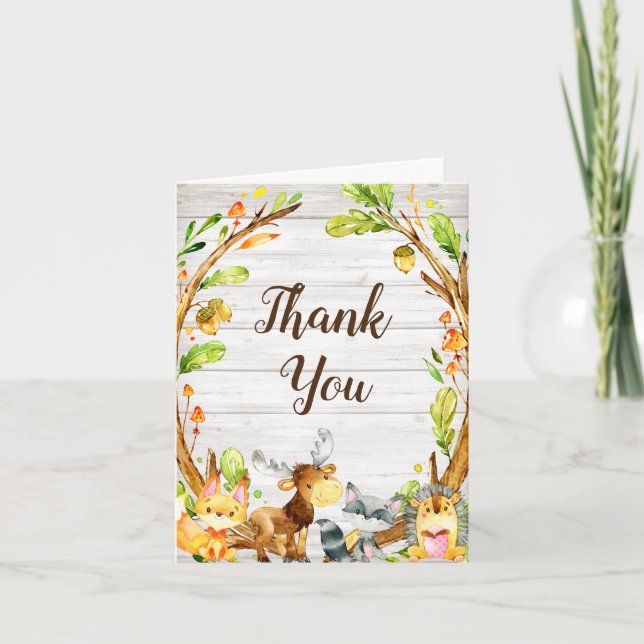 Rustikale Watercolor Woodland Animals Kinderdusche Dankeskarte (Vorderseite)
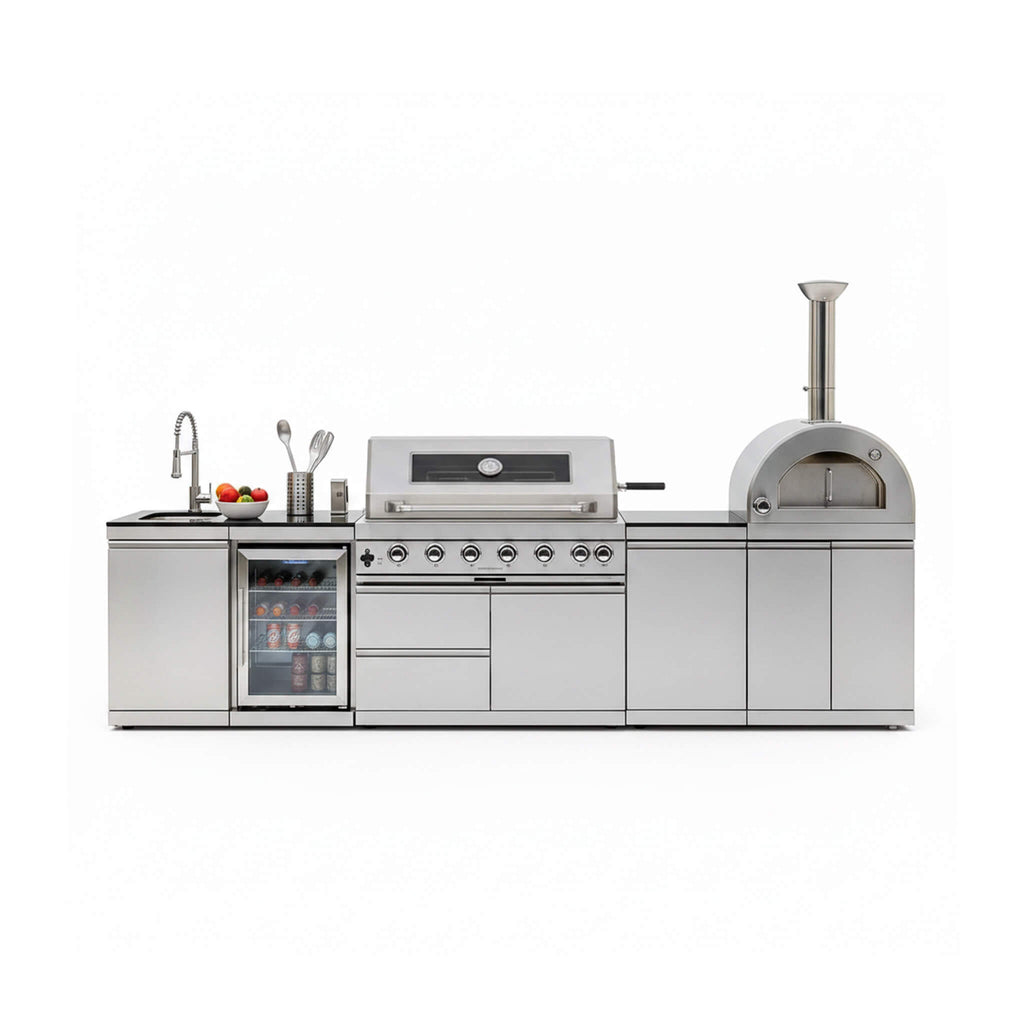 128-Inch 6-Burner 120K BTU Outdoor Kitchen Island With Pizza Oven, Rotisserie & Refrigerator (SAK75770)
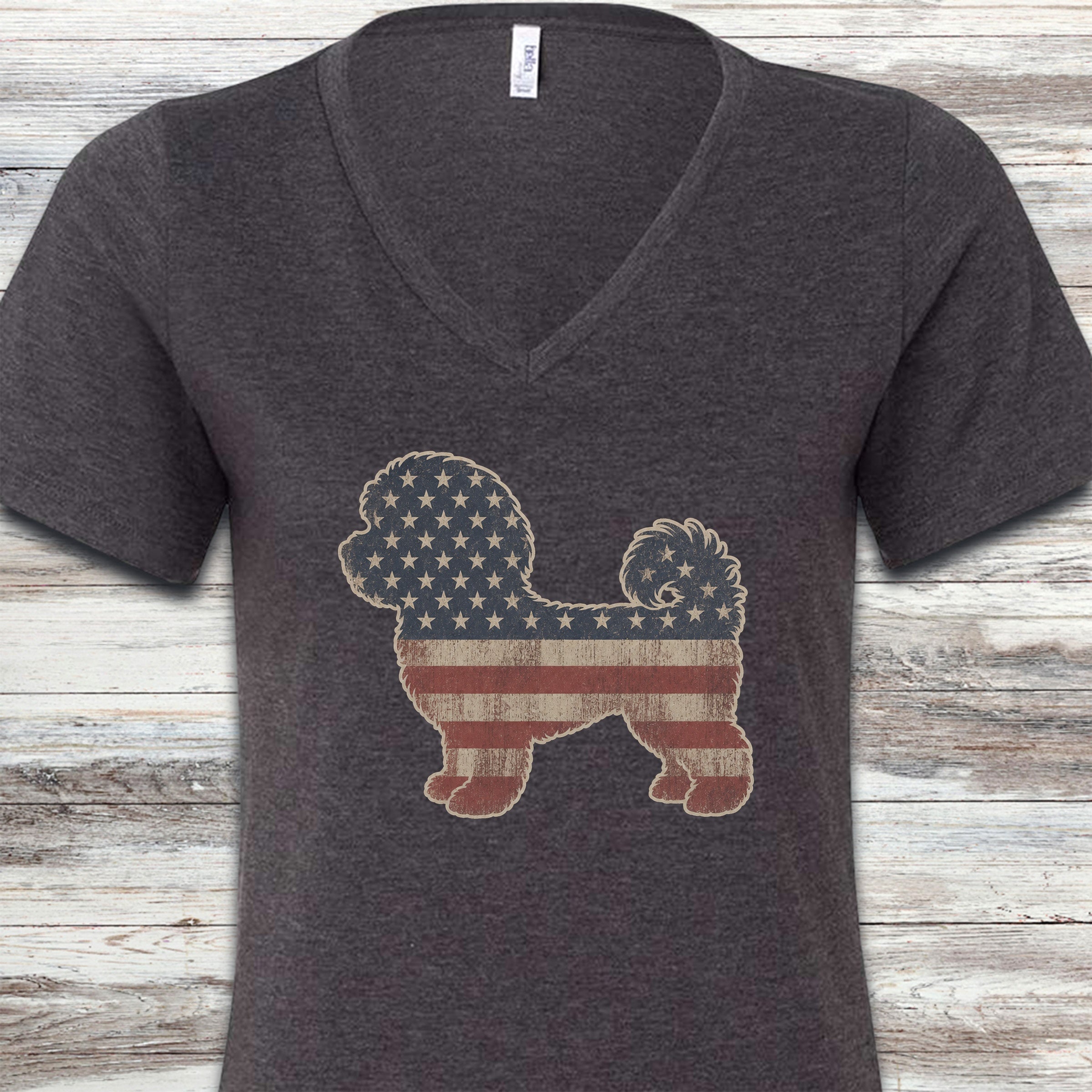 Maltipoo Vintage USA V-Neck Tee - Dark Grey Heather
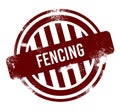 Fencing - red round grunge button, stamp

* * * * * * * * *

Repeat the material above in full and exactly, omitting the pictures.

 Rustikale Watercolor Woodland Animals Kinderdusche Dankeskarte (Vorderseite)
 128-Inch 6-Burner 120K BTU Outdoor Kitchen Island With Pizza Oven, Rotisserie & Refrigerator (SAK75770)
 Maltipoo Vintage USA V-Neck Tee - Dark Grey Heather
 Fencing - red round grunge button, stamp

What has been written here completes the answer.